United States District Court, S.D. Ohio, Western Division, Dayton

May 22, 2017

DAVEL CHINN, Petitioner,
CHARLOTTE JENKINS, Warden, Chillicothe Correctional Institution, Respondent.

          Edmund A. Sargus, Jr., Chief Judge


          Michael R. Merz, United States Magistrate Judge

         This capital habeas corpus case is before the Court on recommittal by Chief Judge Sargus (ECF No. 166). The Recommittal Order encompasses Magistrate Judge decisions on proposed amendments to the Petition to add claims under Hurst v. Florida, 577 U.S. ___, 136 S.Ct. 616 (2016), and under Adams v. Bradshaw, 826 F.3d 306 (6th Cir. June 13, 2016).[1]

         Proposed Hurst Claims

         The Magistrate Judge has denied Petitioner's Motion to Amend to add claims under Hurst (Order, ECF No. 148) and adhered to that conclusion[2] on a previous recommittal (ECF No. 159).

         Chinn objects that it is unreasonable to deny as futile an amendment to add a Hurst claim on Teague v. Lane grounds when the United States Supreme Court has not yet ruled that Hurst is not retroactive (Objections, ECF No. 164, PageID 10110).
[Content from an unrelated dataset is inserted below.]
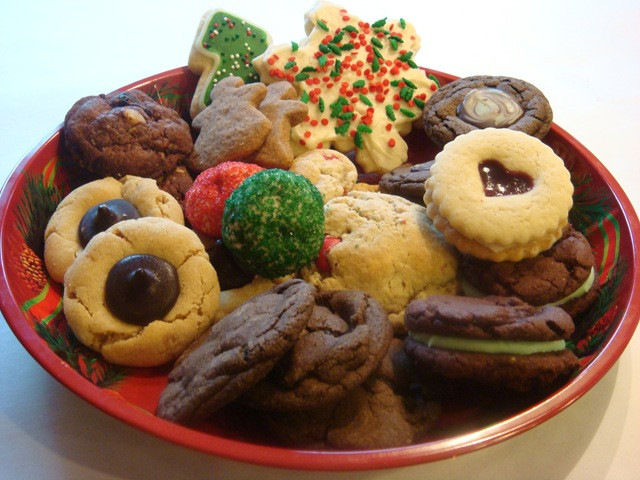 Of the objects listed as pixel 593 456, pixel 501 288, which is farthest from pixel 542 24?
pixel 593 456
However, the Hurst retroactivity question is not reserved to the Supreme Court. Like other Supreme Court case law, it must be applied by the lower courts as best they can until the Supreme Court says something definitive.

         Chinn relies on an unpublished decision allowing an amendment to add a claim under Hall v. Florida, 134 S.Ct. 1986 (2014), Sample v. Carpenter, 2014 U.S. Dist. LEXIS 180618 (W.D. Tenn. Oct. 20, 2014). Judge Lipman concluded that the Sixth Circuit's decision in Van Tran v. Colson, 764 F.3d 594 (6th Cir. 2014), made it at least arguable that Hall applied retroactively. It appears the logic of that conclusion is that Hall recognized a substantive constitutional right which would be retroactively applicable on collateral reviews just as its progenitor, Atkins v. Virginia, 536 U.S. 304 (2002), is. Hurst is not a new substantive right, but rather speaks to the procedure in capital cases, requiring application of the other branch of Teague v. Lane. And Judge Lipman's decision does support this Court's conclusion that the retroactivity decision is to be made in the first instance in the District Court.
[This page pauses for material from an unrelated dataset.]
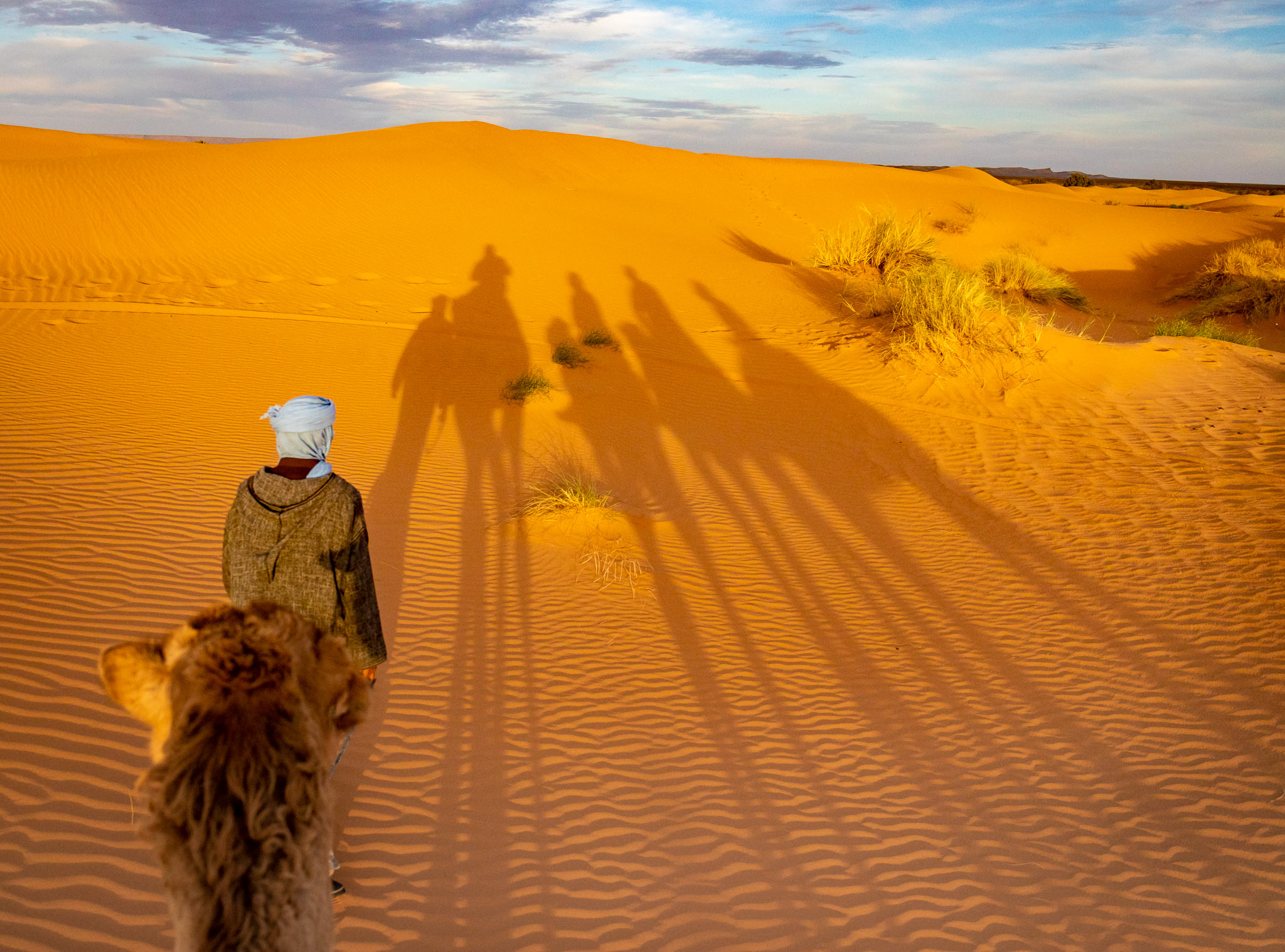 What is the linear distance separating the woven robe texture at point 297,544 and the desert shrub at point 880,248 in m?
18.0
         Chinn also objects that it is unreasonable to deny an amendment to add a Hurst claim when the state courts might reach a different conclusion on retroactivity. Prior opinions already deal with findings of retroactivity in Delaware and Florida on the basis of their state laws of retroactivity. The state law of retroactivity has no bearing on a Teague v. Lane question which is purely a question of federal law. Petitioner continues to rely on the decision without opinion in State v. Kirkland, 145 Ohio St. 1455 (2016). In response the Warden cites numerous cases in which Hurst has been argued to the Ohio Supreme Court and rejected (Response, ECF No. 167, PageID 10133.)

         Petitioner's arguments on the Hurst claim remain unpersuasive.

         Proposed Lethal Injection Invalidity Claims

         Chinn moved to amend to add lethal injection invalidity claims under Adams III (Renewed Motion, ECF No. 155). The Warden opposed the Motion on the basis that the proposed claims were not cognizable in habeas corpus and were time barred (ECF No. 156). The Magistrate Judge found the claims were cognizable under Adams III (Decision and Order, ECF No. 160, PageID 10097).

         On the statute of limitations question, the Warden's argument was one paragraph long (ECF No. 156, PageID 10059) and the Petitioner offered an eleven-page reply (ECF No. 158, PageID 10067-77). The Magistrate Judge analyzed Petitioner's position as consistent with the long-term strategy of capital litigants in this Court to have simultaneously pending habeas and civil rights cases raising substantively parallel claims and, to that end, to attempt to collapse the procedural differences between habeas and civil rights litigation. While the Magistrate Judge rejected that analysis, the Decision concluded that equitable consideration should be given to the confused state of the law under the Adams decisions:

Although this Court has now concluded on the basis of Adams III and Landrum that the cognizability, second-or-successive, and limitations questions must be kept separate, capital habeas petitioners should not be penalized for following the Court's lead during that period between Adams I and Adams III. And the Court must take full responsibility for the delay between the Adams III decision and issuance of the mandate in that case, although it was urged to that position by Petitioner's counsel. The State of Ohio has not claimed any prejudice ...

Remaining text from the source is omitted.